Quelles sont les principales crises managériales en Allemagne actuellement ?
En Allemagne, la modernité se trouve parfois rattrapée par le poids des habitudes et traditions. On a d’un côté les entreprises du “Mittelstand”, qui forment l’épine dorsale de l’économie allemande et qui fonctionnent encore bien souvent de manière très traditionnelle. Ces entreprises forment un ensemble assez hétérogène composé d’entreprises familiales et de PME principalement. Elles sont caractérisées par leur paternalisme et par un certain archaïsme des relations professionnelles. Ces structures se trouvent donc confrontées aux volontés de flexibilité des jeunes, pour qui elles constituent un lieu de travail peu attractif. On peut dire qu’en cela il y a une certaine crise.

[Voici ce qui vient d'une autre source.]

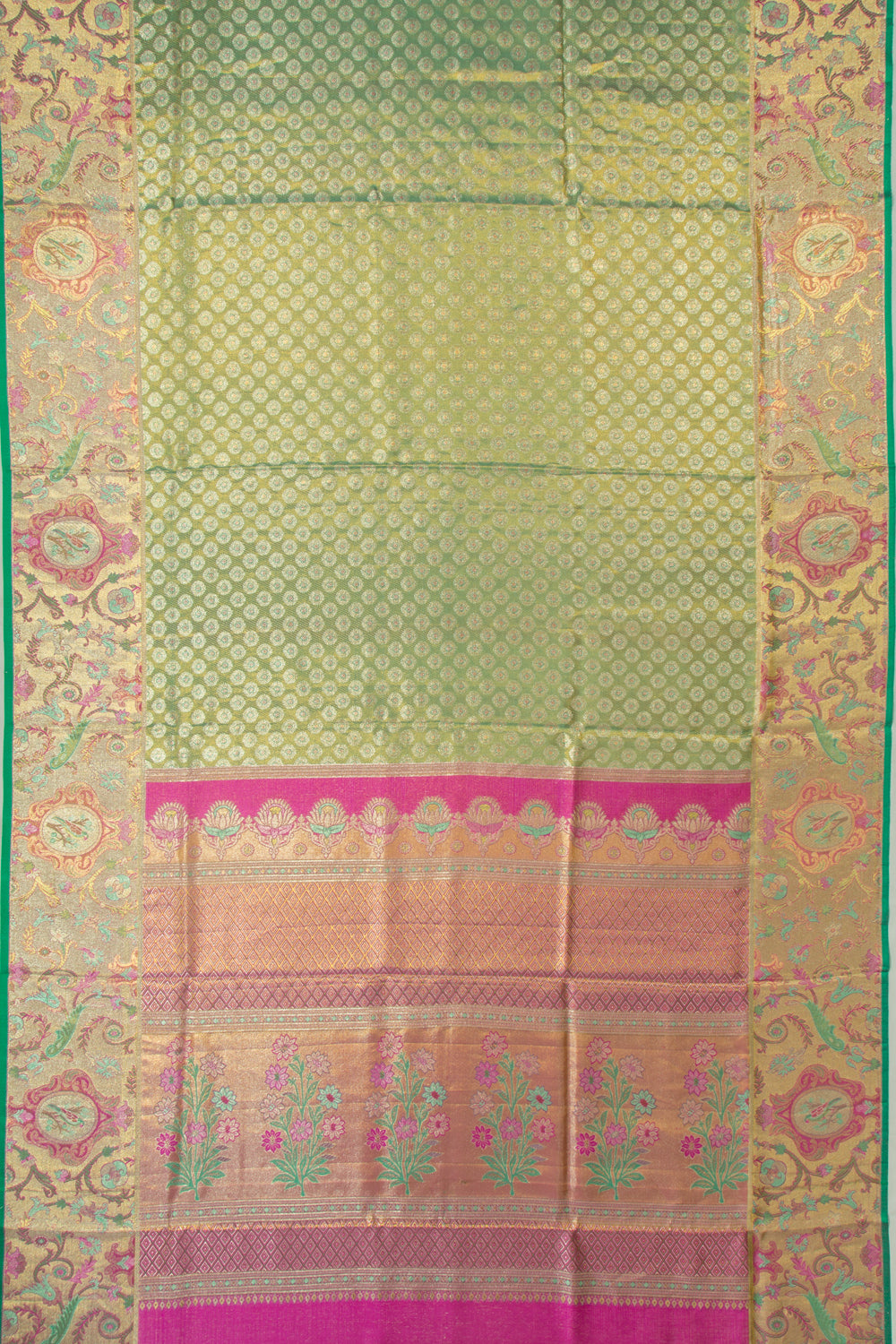Kanchipuram Silk Tissue Brocade Green Saree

Mais, d’un autre côté, on voit de plus en plus émerger des entreprises au caractère innovant et en rupture comme Fritz-Kola, que nous avons visité à Hambourg. L’entreprise montre fièrement sa culture d’entreprise jeune, branchée et dynamique. Il y a également de plus en plus de startups adeptes du freelance ou du remote work, qui viennent challenger les façons de travailler traditionnelles de l’Allemagne.
Lorsqu’on parle de crise en Allemagne, comment ne pas mentionner l’écologie ? En Allemagne, les énergies renouvelables représentent 40% de la production électrique du pays (c’est 20% en France), ce qui en fait un pays pionnier en termes d’énergie verte. Il est quasi impossible de traverser l’Allemagne sans voir de gigantesques parcs éoliens. Mais à côté de ça, 45% de l’électricité allemande est produite par des énergies fossiles comme le charbon ou le gaz. Cette contradiction, les Allemands en sont conscients, et un effort réel est fait en entreprise pour sensibiliser et adapter les pratiques managériales aux besoins de la planète. Le cabinet de conseil en immobilier Drees & Sommer conçoit ainsi des espaces de travail pensés sur le long terme, avec des matériaux recyclables ou biodégradables. L’entreprise travaille d’ailleurs avec d’autres organisations engagées dans la préservation de l'environnement qui fournissent des matériaux de construction durables et écologiques.
Comment les pratiques managériales allemandes se différencient-elles des pratiques en France ?
Nos voisins commencent leur journée globalement plus tôt que nous, et n’ont pas la même conception de la pause. Une journée de travail commence rarement après 8h et il n’y a pas réellement de pause le midi.
On nous explique aussi qu’en entreprise, les discussions de couloir, les pauses café à rallonge et les pauses cigarettes sont vues d’un mauvais œil. Pourquoi ? Car les Allemands y voient une perte de temps et d’efficacité.
Autre point qui nous a marqué et qui a souvent été mentionné lors de nos entretiens c’est la façon dont l’expérience est valorisée en Allemagne. Là où les Français accordent une importance forte aux diplômes, les Allemands vont plutôt valoriser l’expérience et la motivation d’une personne. On nous explique qu’après chaque expérience (stage, CDD…), un Allemand se voit délivrer un certificat de la part de son supérieur qui va mettre en avant les compétences acquises par la personne. Il y est décrit les tâches réalisées, les responsabilités accordées et cette lettre va réellement être prise en considération pour l’emploi suivant.